The other Dave Chappelle however, is a celebrity. That point of view is an all-encompassing fog of unimaginable privilege. In his latest special, Dave Chappelle speaks on almost everything other than race from the point of view of a celebrity. That is to say in those moments he is as oblivious, thin-skinned, spiteful, dull and shockingly unoriginal as just about any random 4chan post.
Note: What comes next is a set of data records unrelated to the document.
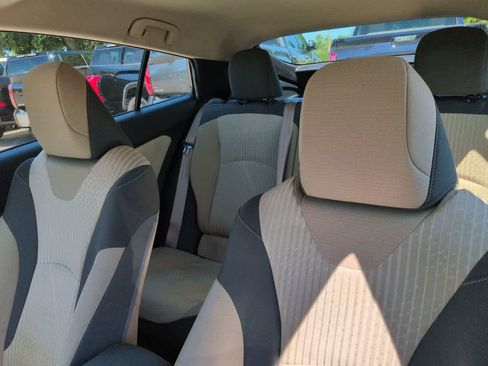 Used 2016 Toyota Prius Two FWD image 8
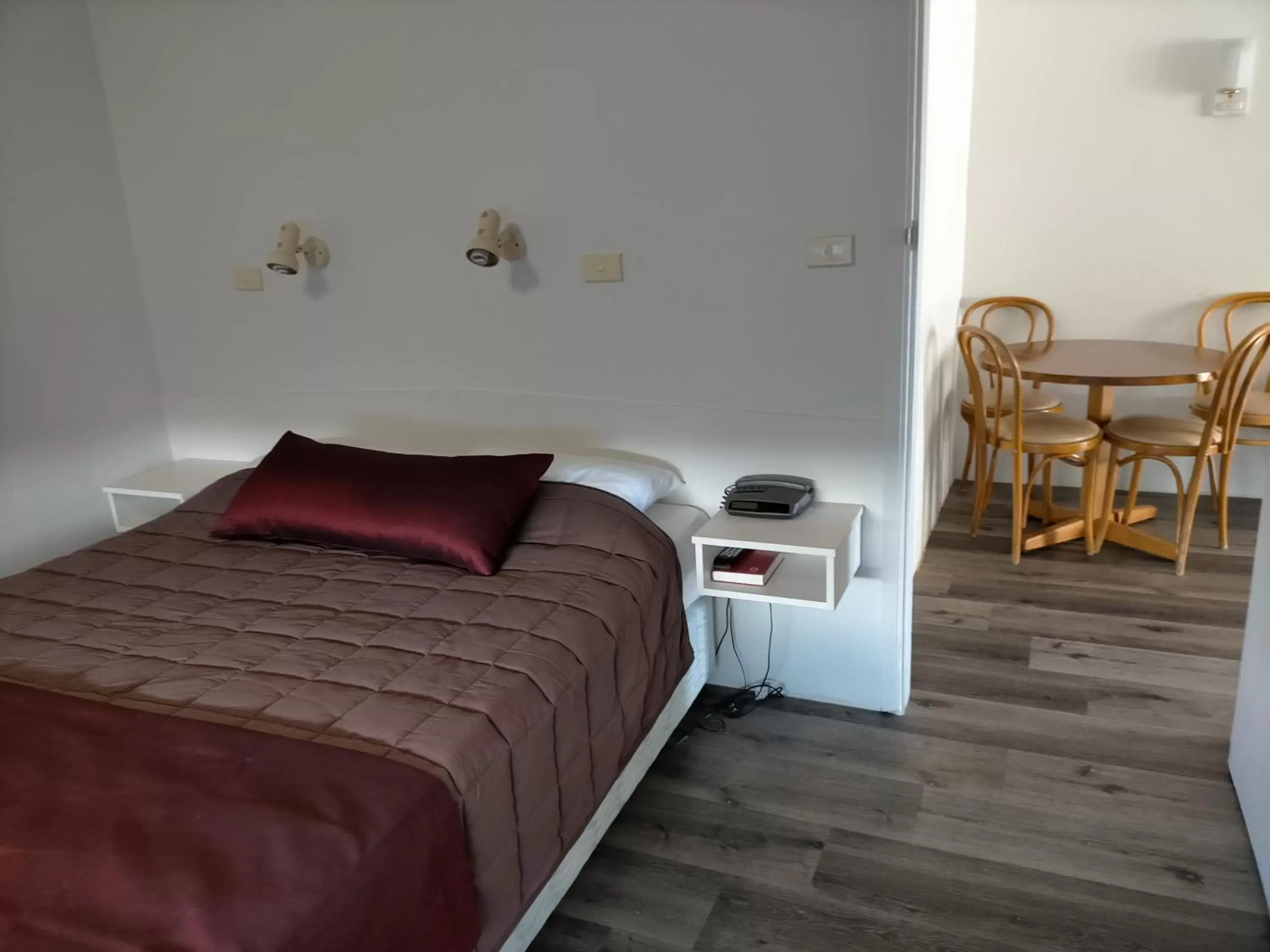 Family Suite - single occupancy in Country Motor Inn Family Suite - single occupancy in Country Motor Inn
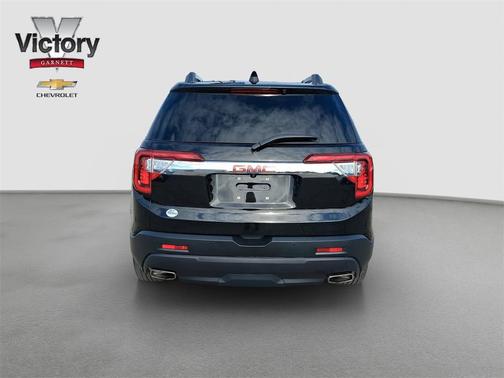 2023 GMC Acadia FWD SLT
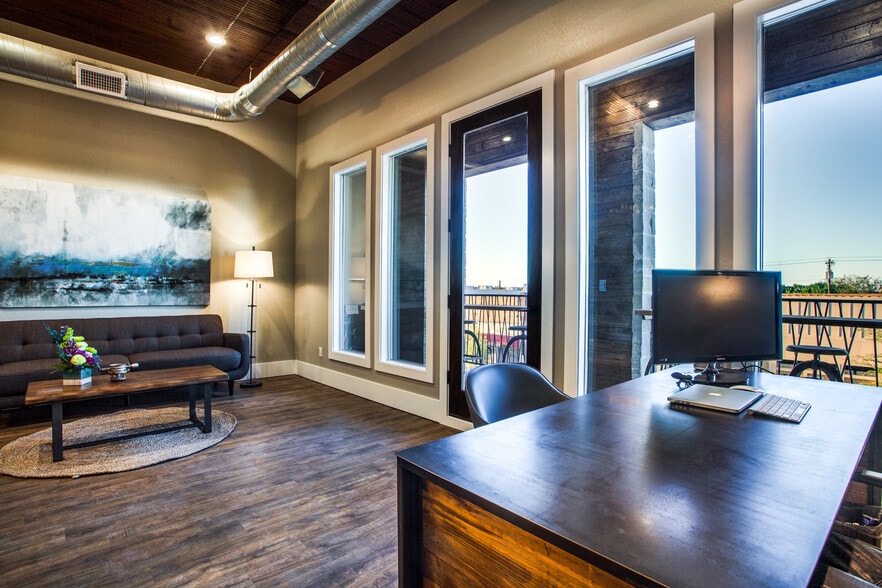 More Photos Of 1024 Halsell St, Bridgeport Storefront Retail Office For Sale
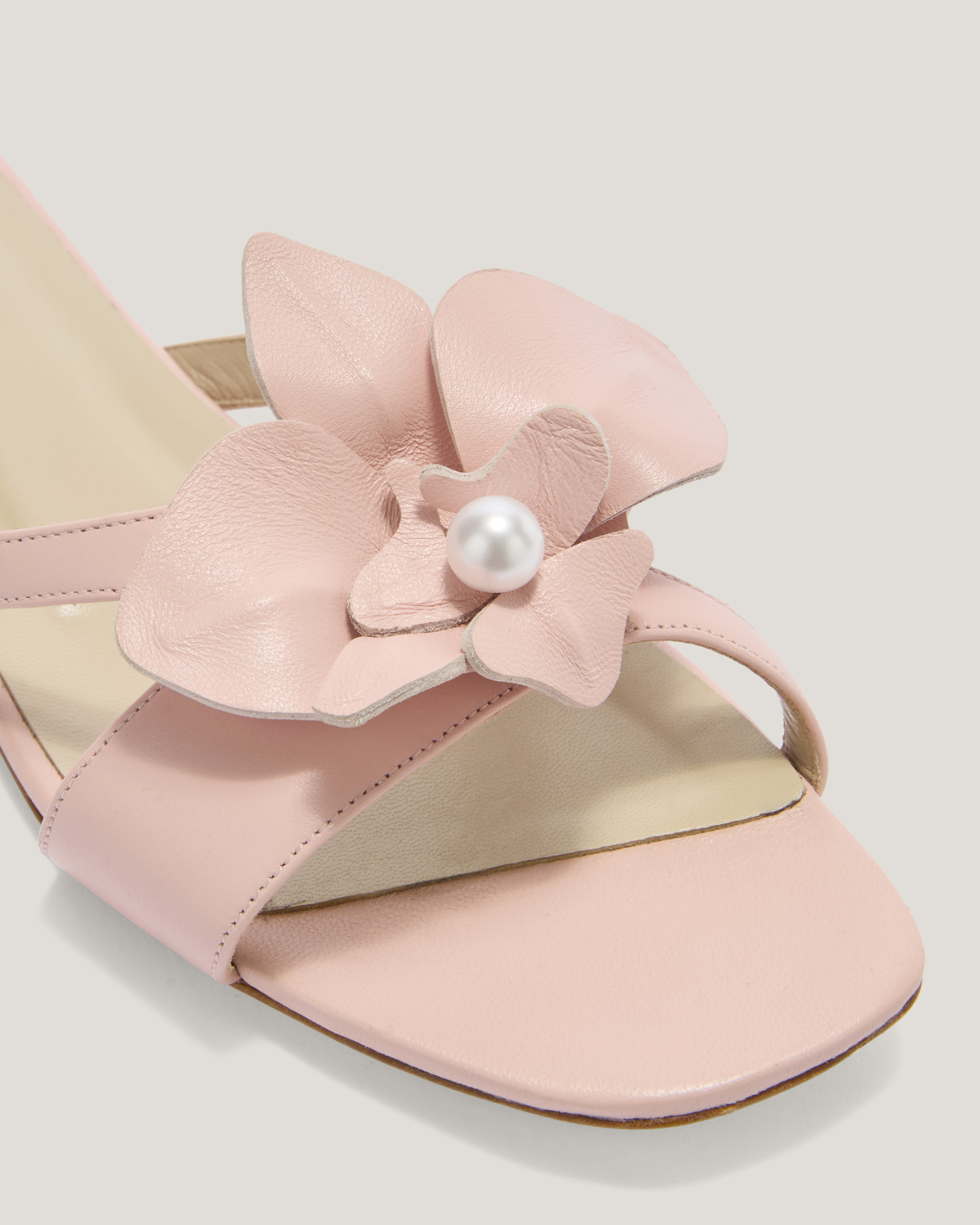 Flat nappa leather sandals with Orchid | Spring Summer 2025 Collection, Spring Summer 2025, Beachwear, Slides, Ready to Wear, New Arrivals, Private sale, Sale- mid season, Shoes | Genny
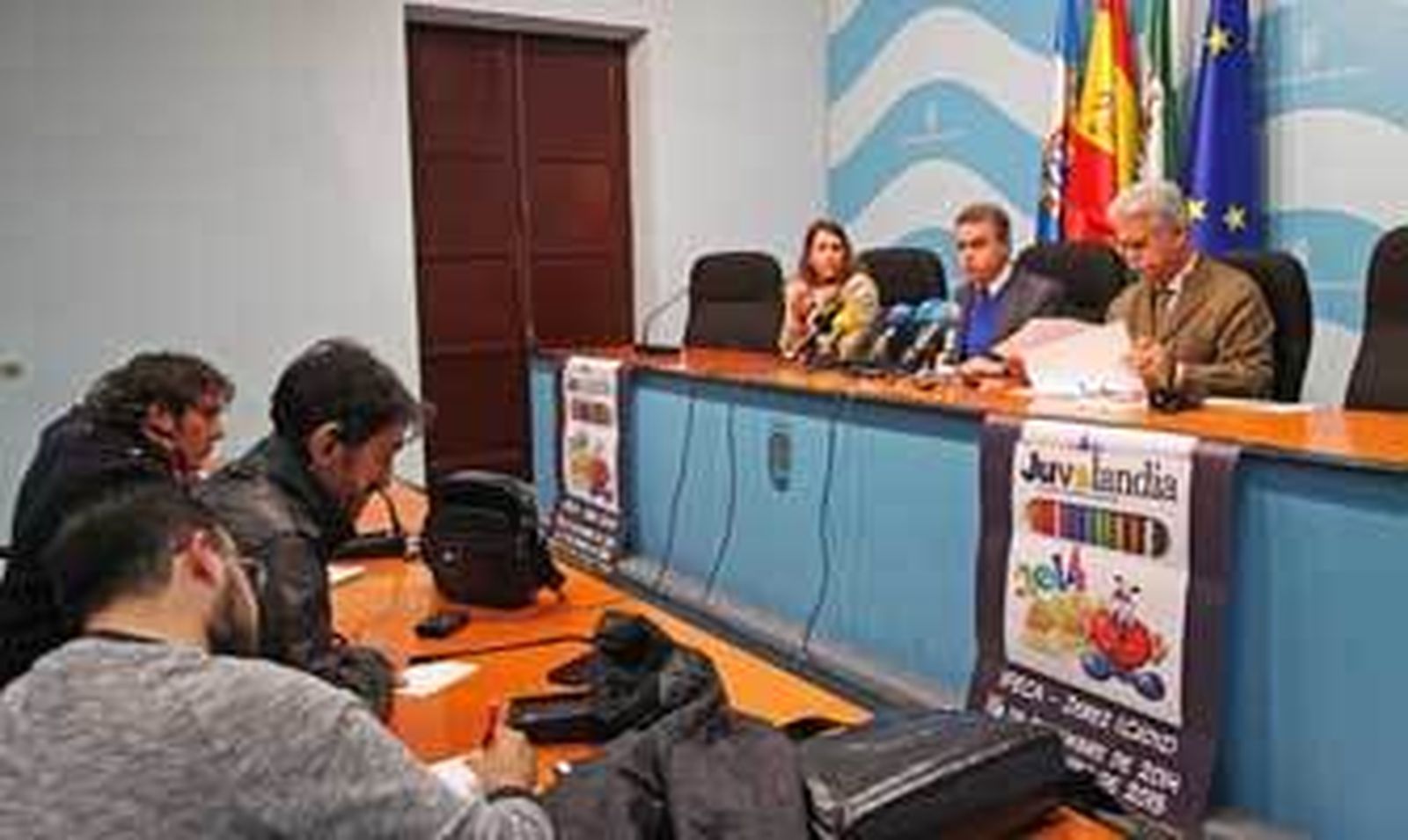 Olivero, Real y Sánchez, ayer en el Ayuntamiento durante la presentación de la próxima edición de Juvelandia. /Vanesa Lobo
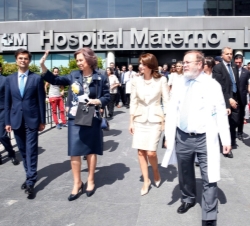 Su Majestad la Reina junto a la Sra. Rivera de Peña, tras finalizar su visita. 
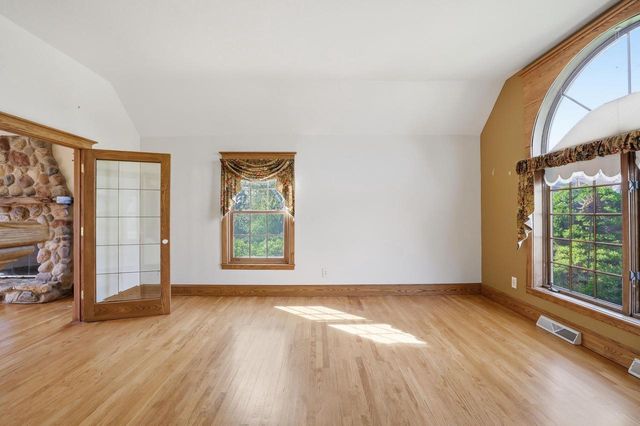 211 Erin COURT, West Bend, WI 53095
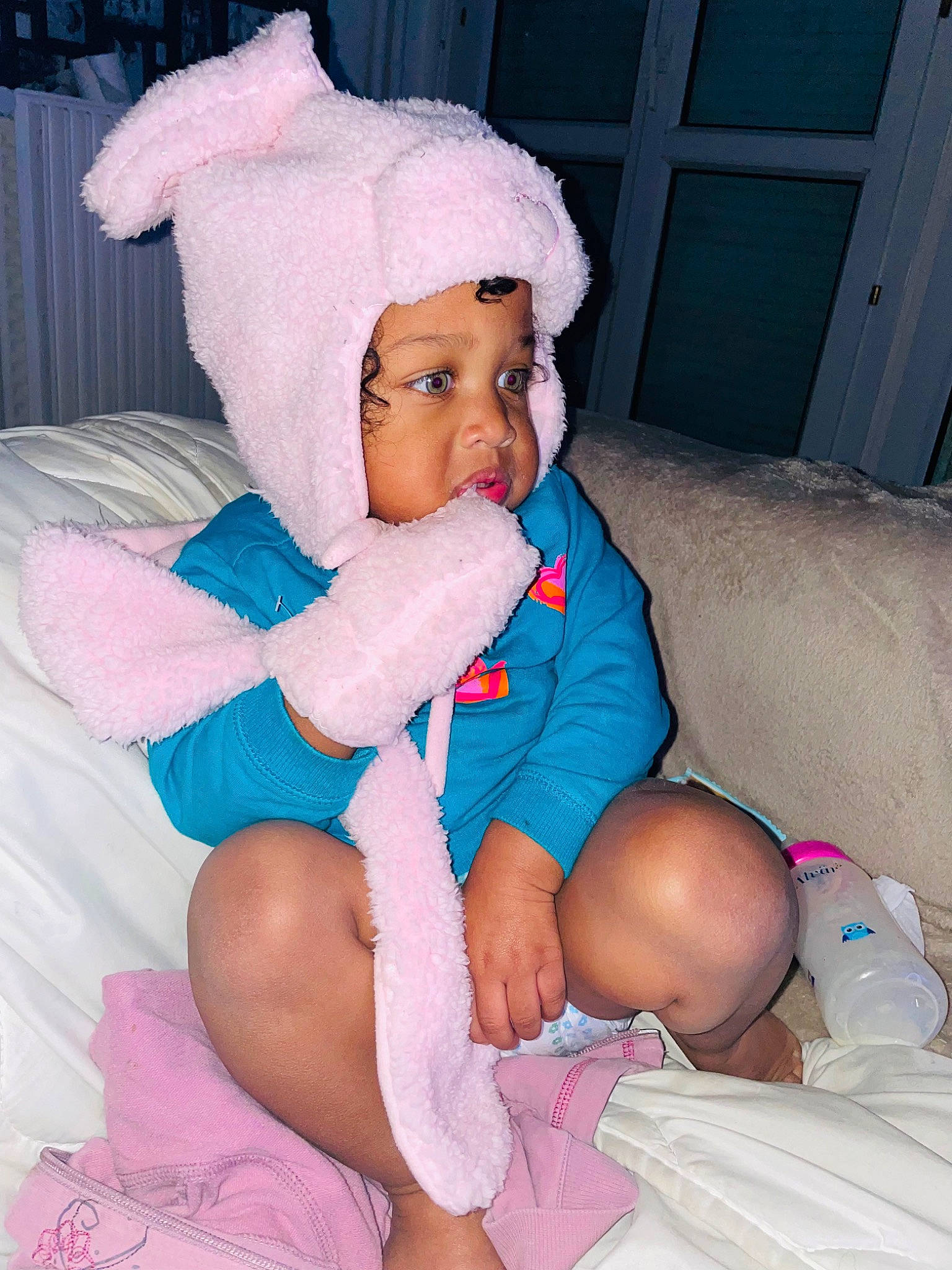 Syannah a rejoint le concours — aidez-le/la à gagner de superbes lots ! baby, baby_toddler_clothing, cheek, child, comfort, eye, finger, headwear, human_body, human_leg, knee, lap, mouth, person, pink, purple, skin, sock, thigh, thumb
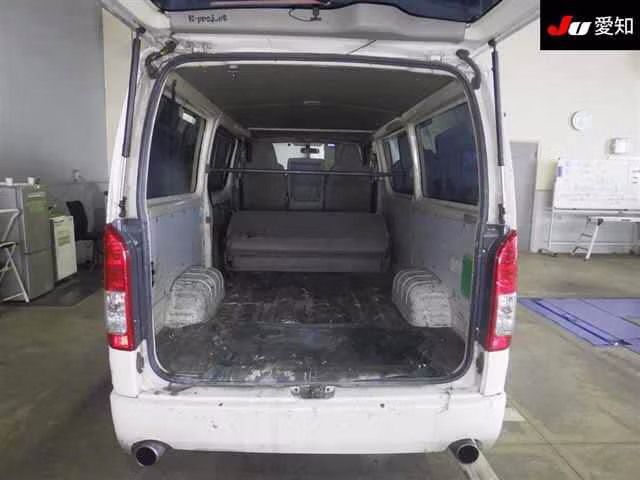 TOYOTA REGIUS ACE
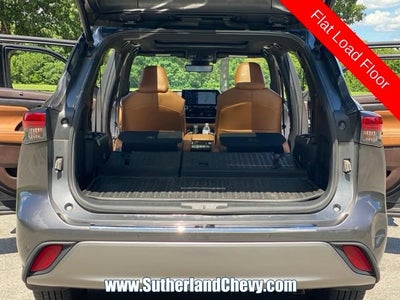 2021 Toyota Highlander Platinum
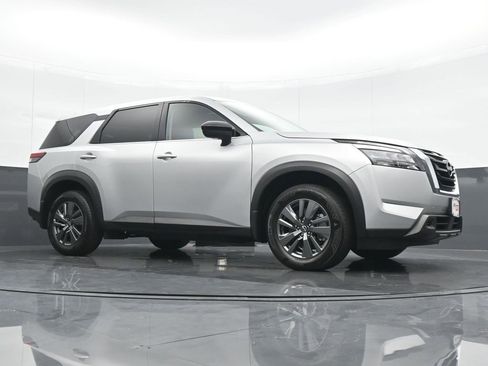 Used 2024 Nissan Pathfinder S image 23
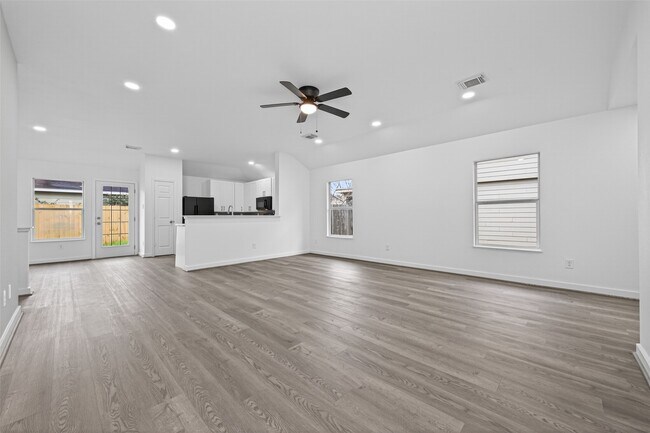 Building Photo - 7714 Stallion Trail Dr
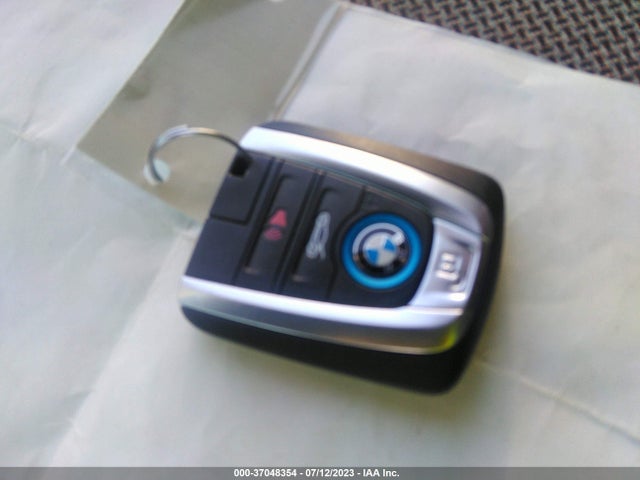 WBY8P8C58K7D18965 BMW I3 S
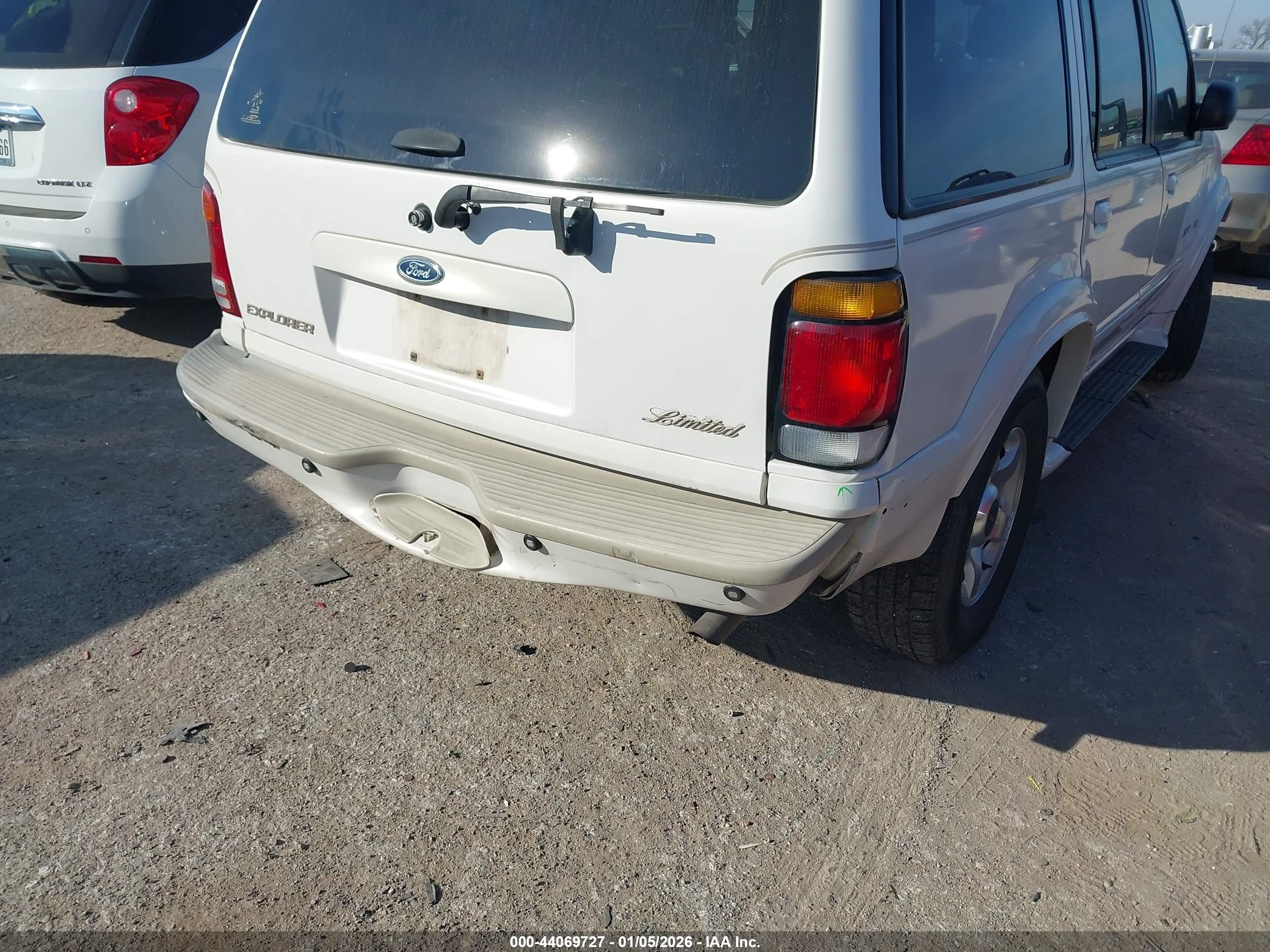 FORD EXPLORER image 6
Like, he sticks up for Louis CK. I’m not going to get too far into that, as others have spoken about it so well, but Louis took his dick out in front of people who didn’t want him to and traditionally, that shit should at least put a stop to whatever career you have. Unless, of course, your career is Supreme Court Justice. The point is that ain’t nobody responsible for that dude’s life but him.

And the trans jokes. Jesus, Dave. First of all, the history of trans representation in American pop culture has placed them mostly as either the butts of jokes or abhorrent sexual deviants. Secondly, the government is constantly trying to legislate away the rights of trans people. And thirdly, trans people are killed just for being trans all the time all over this country. Those three things should sound familiar if you have any historical knowledge of any minority group, but just to give you a hint of which side of history you’ll want to be on for this one, when he got into power in 1933, one of the first things Hitler did was seek out and destroy the medical records of trans people.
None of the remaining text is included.